Desde un punto de vista democrático, lo exigible sería precisamente lo contrario: que el mismo esfuerzo, diligencia e interés mostrados en las investigaciones que afectan al PSOE y al Gobierno se aplicaran con idéntico rigor a cualquier otro partido o responsable público. La igualdad ante la ley no puede ser solo un principio formal; debe percibirse como una realidad tangible. Cuando no es así, se abre la puerta a sospechas incómodas sobre motivaciones políticas, selectividad en las prioridades o influencias externas en el funcionamiento de determinados ámbitos judiciales y mediáticos.

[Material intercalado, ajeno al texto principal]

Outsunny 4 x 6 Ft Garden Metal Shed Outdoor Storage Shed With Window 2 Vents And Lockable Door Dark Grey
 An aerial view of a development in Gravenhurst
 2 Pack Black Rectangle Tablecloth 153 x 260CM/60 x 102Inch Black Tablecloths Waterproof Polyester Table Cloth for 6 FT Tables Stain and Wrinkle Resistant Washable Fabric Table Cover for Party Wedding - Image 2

No se trata, por tanto, de abrazar teorías conspirativas ni de negar la autonomía del poder judicial, pero tampoco de ignorar que la justicia opera en un contexto social y político concreto. En ese marco, es legítimo preguntarse si existe una especial animadversión hacia la figura de Pedro Sánchez desde determinados sectores, y si esa animadversión influye —directa o indirectamente— en el clima de hiperdiligencia que rodea cada actuación de su Gobierno. Plantear esta duda no equivale a negar los hechos investigados, sino a reclamar coherencia, proporcionalidad y equidad en el trato institucional.
En definitiva, la posición más honesta y progresista es una que combine dos exigencias irrenunciables: tolerancia cero frente a la corrupción y los abusos, vengan de donde vengan, y defensa firme de un Estado de derecho que actúe sin sesgos, sin favoritismos y sin ensañamientos. Solo desde esa doble coherencia será posible reparar el daño causado, recuperar la confianza ciudadana y fortalecer, en lugar de debilitar, la democracia.
Por ello cuando se rompe la baraja del juego político es necesario tirar la baraja y poner otra nueva con elecciones generales.